I managed to walk up the hill!!
Yes, I managed to walk up the hill, Somehow. Only I know how much I panted, how many times I felt I could not take another step up the steep curve, how many times I was going to give up and die, how my muscles ached and it felt unbearable. I kept moving, because that was all I could do. Standing made the situation worse, as if I had mange, so I had to keep moving, often for the sake of it. And all of the climb was uphill, for I had really fallen into a deep funk of a canyon.

Today I feel a sense of exhilaration. There is a sense of discovery. As if I am finally growing up. Learning to see myself. It is a delightful pursuit. There is something under every rock, and I lift each up one by one and feel the child-like thrill of discovery. It is very scary too. For I have lived a very scripted life thus far, and did not even know it to be so. For the first 20 years I was a caged bird, yearning for freedom and only knew of it from poems, songs, and dreams, but there was no way to realize the truth of the word, I was shackled with heavy iron chains and did not have strength to break them. After 1993, I escaped that jail and forced myself into a new form. I was determined to create a new and beautiful life, write my own story. Then for the next 20 years, I now find, I lived a caged life too; the difference was that I had built the gilded cage myself complete with shiny gold shackles, for that was the past conditioning. I did not know any better. I built a great life in the conventional sense, using the ingredients that I had, but it was still scripted by the vocabulary of the past experiences and framework. I lived in delusion of perfection. There was a small voice which sometimes asked deep questions, but I quickly shut her down, because I didn't have the answers and the unknown scared me. Script was good, cage was also okay, it was safer than the unknown. Until it shattered too, in 2013. Again I found myself in desperation. I couldn't work out why all the effort I put in, and vocabulary I acquired over the years, did not make any sense anymore. How can it be thus? How did this world turn upside down again? The castle I so meticulously built out of sand got completely washed away in one large wave! It was another rock-bottom experience, an extremely excruciating and ugly one. Nothing made sense anymore and I was yearning to find some meaning, a reason, an explanation, and none was available.
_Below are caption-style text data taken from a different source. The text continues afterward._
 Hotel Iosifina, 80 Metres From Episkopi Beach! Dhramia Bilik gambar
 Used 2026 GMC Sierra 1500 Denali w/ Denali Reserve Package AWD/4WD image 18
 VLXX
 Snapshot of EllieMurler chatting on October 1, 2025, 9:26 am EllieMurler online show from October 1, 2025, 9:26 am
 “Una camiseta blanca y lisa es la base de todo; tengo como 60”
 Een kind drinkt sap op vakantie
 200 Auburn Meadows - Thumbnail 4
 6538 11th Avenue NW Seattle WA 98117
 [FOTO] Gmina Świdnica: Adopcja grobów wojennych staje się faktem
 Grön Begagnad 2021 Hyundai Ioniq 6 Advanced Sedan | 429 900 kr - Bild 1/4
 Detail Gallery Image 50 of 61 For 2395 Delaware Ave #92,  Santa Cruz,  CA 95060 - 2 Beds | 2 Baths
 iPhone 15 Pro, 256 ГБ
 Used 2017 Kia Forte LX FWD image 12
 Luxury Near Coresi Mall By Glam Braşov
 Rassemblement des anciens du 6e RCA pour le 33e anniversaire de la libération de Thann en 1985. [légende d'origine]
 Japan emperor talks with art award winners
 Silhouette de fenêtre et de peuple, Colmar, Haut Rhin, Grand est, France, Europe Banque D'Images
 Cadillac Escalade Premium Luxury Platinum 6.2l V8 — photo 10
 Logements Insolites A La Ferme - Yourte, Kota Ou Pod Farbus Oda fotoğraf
And today, four years later, I feel I have finally climbed out of that deep canyon. There is a sense of fear with this. The future is unknown. I cannot script it, and I choose not to script it anymore. I have thrown away the dictionary. Now starting from a clean slate is very thrilling. It is also very scary for the unknown is wide and open. The best simile I can give is this: I feel I have jumped off an airplane without a parachute. And as I jumped off (it took great courage to do that), I realized that there is no ground underneath that I am hurtling towards. And as there is no ground to fall to, the idea of going splat on the ground without a parachute is not a reality. I will not go splat or splash (in water). There is nothing down there. And I am in free fall. I have not reached terminal velocity yet. So I am still tumbling about in the free fall. There is the weird feeling in my tummy, the feeling of zero gravity, of being weightless. I don't mind the tumbling, there is a strange security in knowing that there is nothing to fall to anymore! It is a weird kind of happiness. I cannot explain.